Sol-Gel techniques are used to make glass-like silicon oxide network but possessing much lower operating temperatures than conventional glass manufacturing. These techniques depend on the hydrolysis and condensation reactions of organosilicon precursors in aqueous media, and thus provide an inclusive environment with bioaffinity. On the other hand, carbon nanotubes ( CNTs ) possess unique electric, thermal, mechanic, and chemical properties including their high surface area / volume ratio that can be further surface-functionlized to address different material or sensing demands. In this work we made a new composite material that combines the unique Sol-Gel network with conductive CNTs. Hydrolysis and subsequent condensation of tetramethyloxysilane ( TMOS ) in the presence of CNTs result in the formation of a dense, homogeneous bulky material. When coating this material onto the substrate electrode surface, the film can permeate and retain the redox-active ferricyanide. This resulting electroactive Sol-Gel/CNTs/FeCN film is very stable for repetitive voltammetric scanning as well as some harsh chemical and electrochemical environments.
The electrochemical property of this new Sol-Gel material was studied. The film has also been examined for their potentials in sensor fabrication. A unique reversible Fe(II/III) voltammetric peak emerges from the CNTs-dispersed Sol-Gel background that is tolerable for a wide pH range. The film exhibits excellent electrocatalysis for environmental nitrite and Cr(VI). These catalysis occur on the redox catalytic centers of Fe(II/III). Optimization and quantification of these catalysis were carried out and the mechanistic reaction scheme were given.
This work was supported by Starter Award from SACP ( Pittsburgh, PA ) and by RDC, Student-Faculty Grants from ETSU ( Johnson City, TN ).
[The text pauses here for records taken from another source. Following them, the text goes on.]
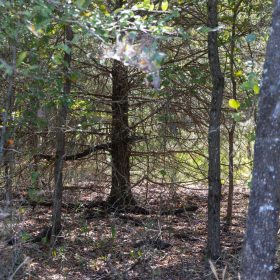 Reserves At Cattail Cove Phase II Tract 58 in Pittsburg County, OK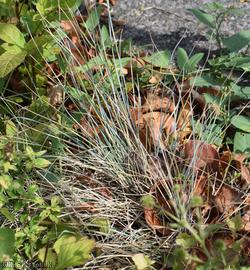 Glaucous Fescue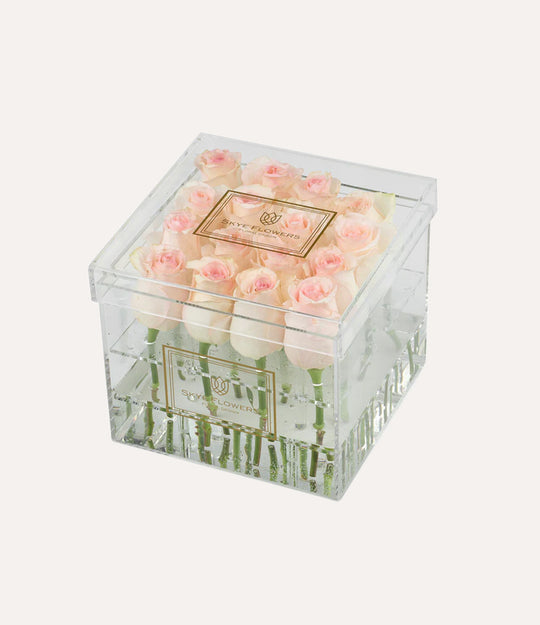 Square Fresh Rose Box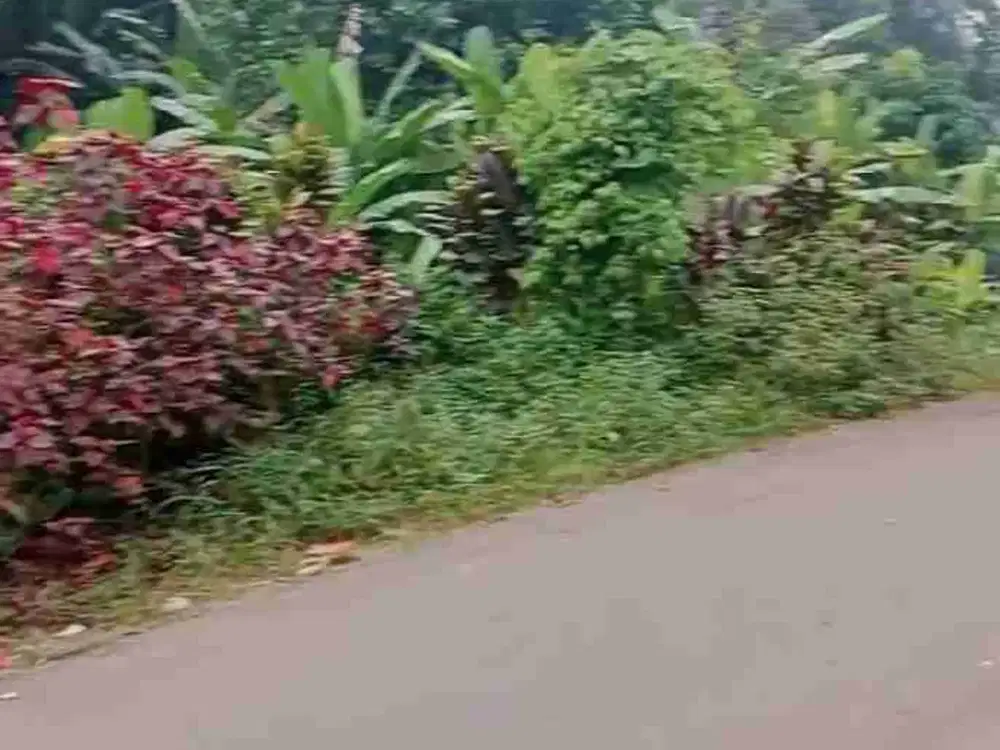 dijual cepat tanah kosong strategis pinggir jalan desa padurenan
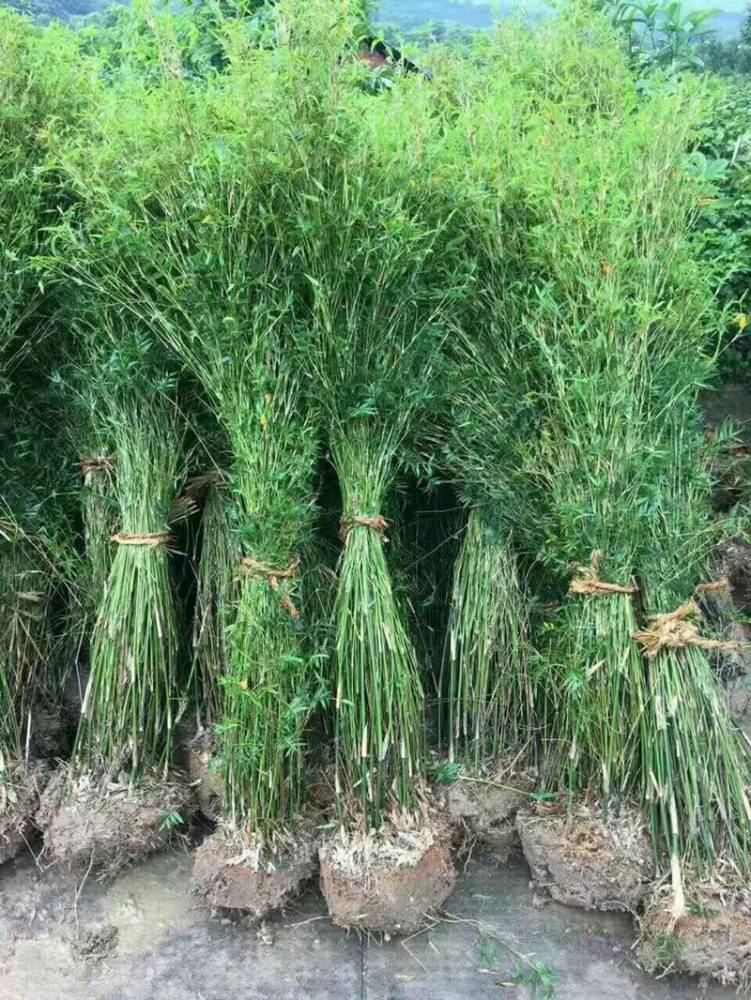 大型丛生竹品种图片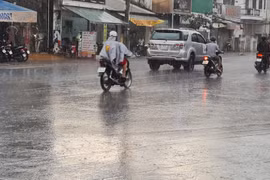 ‘Mưa vàng’ vào rạng sáng ở miền Tây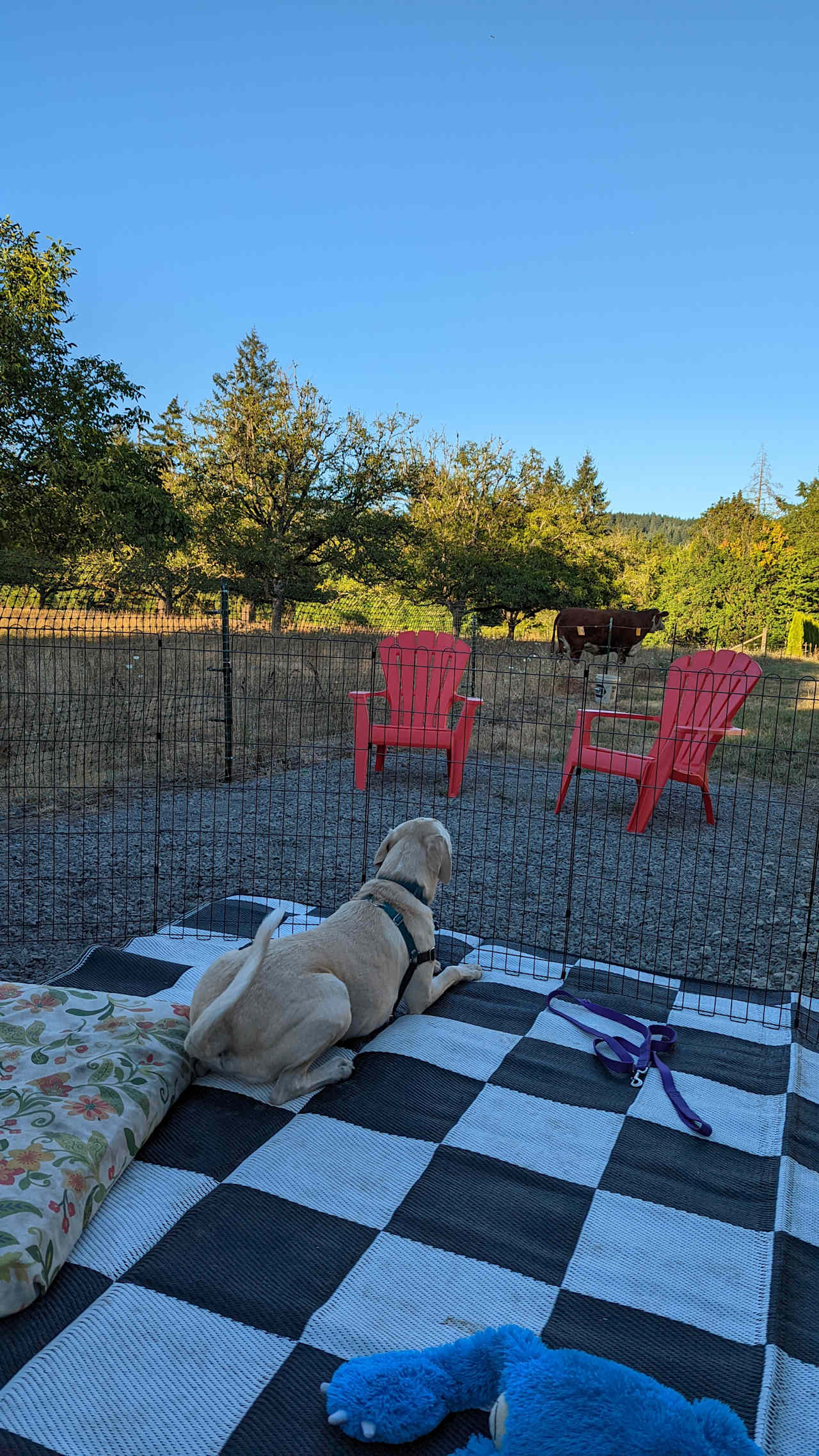 Red Door Adventures Farm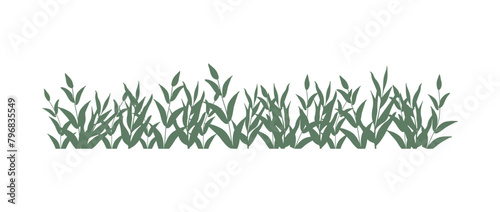 Greenery lush, green foliage border in flat design style, eco friendly theme, nature botanical leaf pattern, vector illustration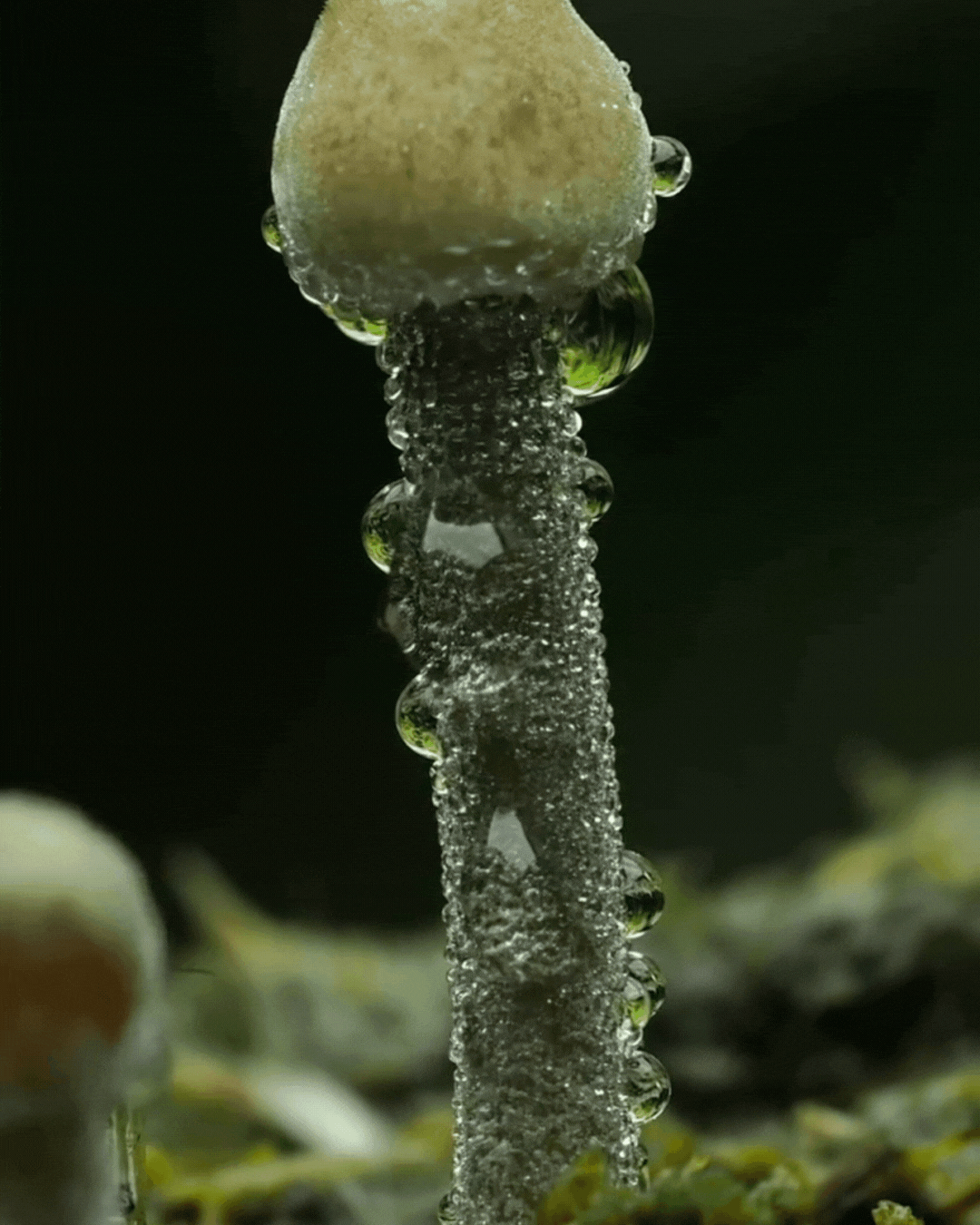 Gif of a mushroom growing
POTENTIAL ENERGY SURFACE AROUND THE TROPYLIUM ION
Kenny Bullins and Thomas Huang, Department of Chemistry, East Tennessee State University, Johnson City, TN 37614
The formation and decomposition of the tropylium ion, C7H7+, in the mass spectrum of toluene is a chemical process that has been studied extensively in the past. The advances in computational power of personal computers have made the investigation of this mechanism feasible at a fairly high level of theory. The calculations that we performed were at the HF/6-31G (d, p) and the B3LYP/6-311++G (2d) levels of theory. We will show some areas of the potential energy surface around the highly symmetric tropylium ion to give a glance of possible mechanisms for its formation and decomposition. Our results have confirmed some of the mechanisms reported by literature, and in addition new areas are explored in the report.
EXTENSIONS OF THE CAYLEY-HAMILTON THEOREM
Alberto Mokak Teguia, Dept. Of Mathematics College of Arts and Sciences, East Tennessee State University, Johnson City, 37614
The Cayley-Hamilton theorem is an important result in the study of linear transformations over finite dimensional vector spaces. In this poster, we show that the Cayley-Hamilton theorem can be extended to self-adjoint trace- class operators and to closed self-adjoint operators with trace-class resolvent over a separable Hilbert space. Applications of these results include calculating operator resolvents and finding the inverse of a frame operator.